*WHAT TO PRODUCE*:
What is the count of lines in the records that include "chipped"? Reply with that number alone.

Source data:
--*--

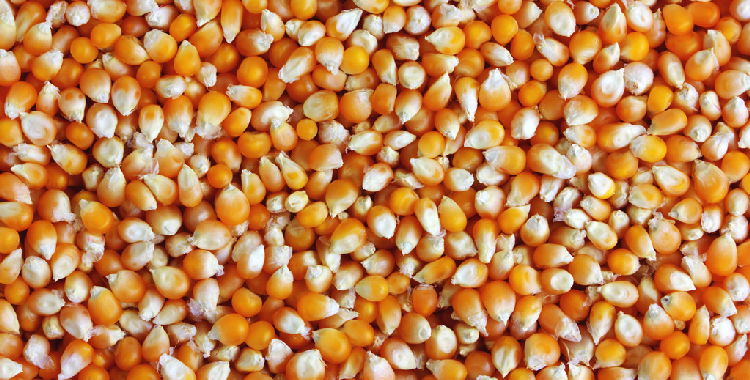 补库逐渐收尾 短期玉米期价预期进入区间波动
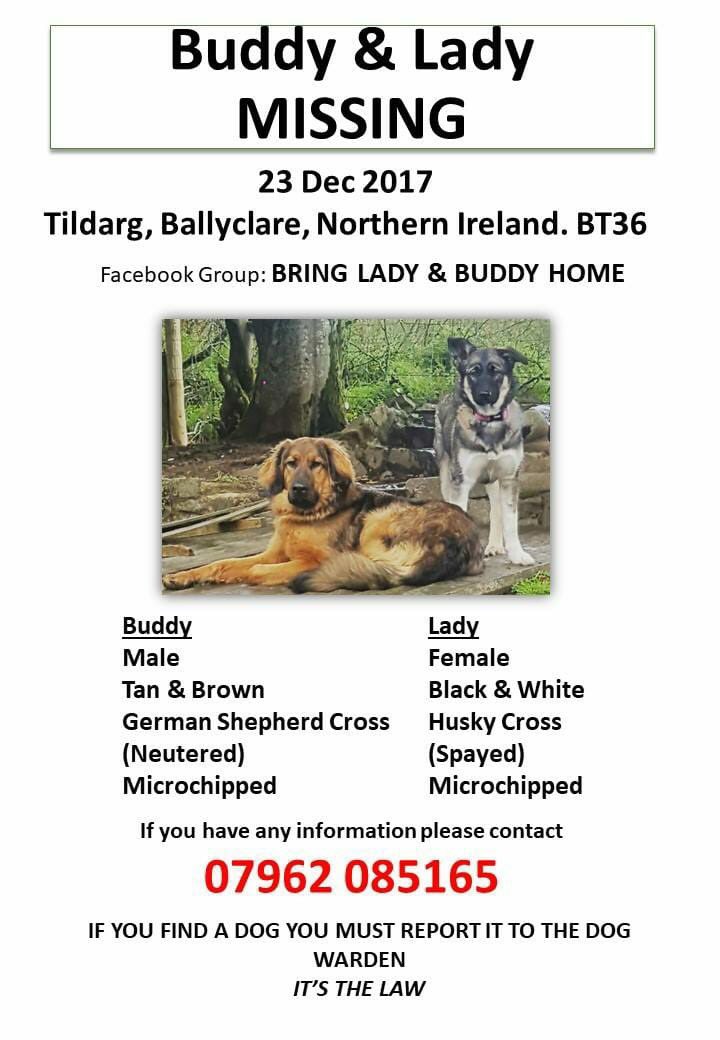 rosiedoc666's tweet photo. #findBuddyandLady #MISSING now presumed #stolen #Tildarg #Ballyclare #NorthernIreland #BT36
Join their FB GROUP bring lady and buddy home
BUDDY male tan&brn #GSD x neutered & chipped
LADY female blk&wh #Husky x spayed & chipped
23/12/17 IF FOUND YOU MUST REPORT TO WARDEN https://t.co/B7p2AlBx64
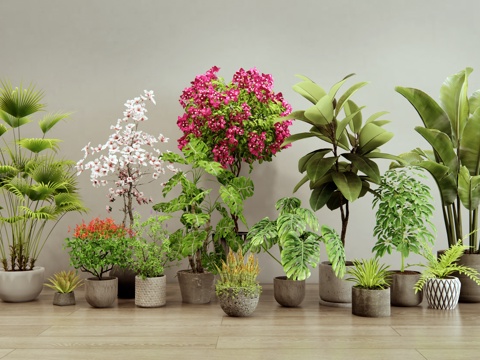 Modern Plant Potted Bougainvillea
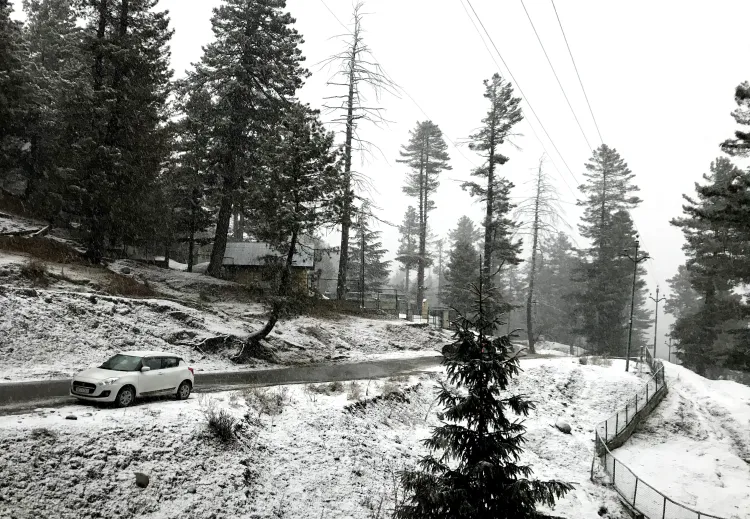 Kashmir Prepares for a Colder, Wetter Winter This Year: Insights from J&K MeT Department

--*--

*REPLY*:
2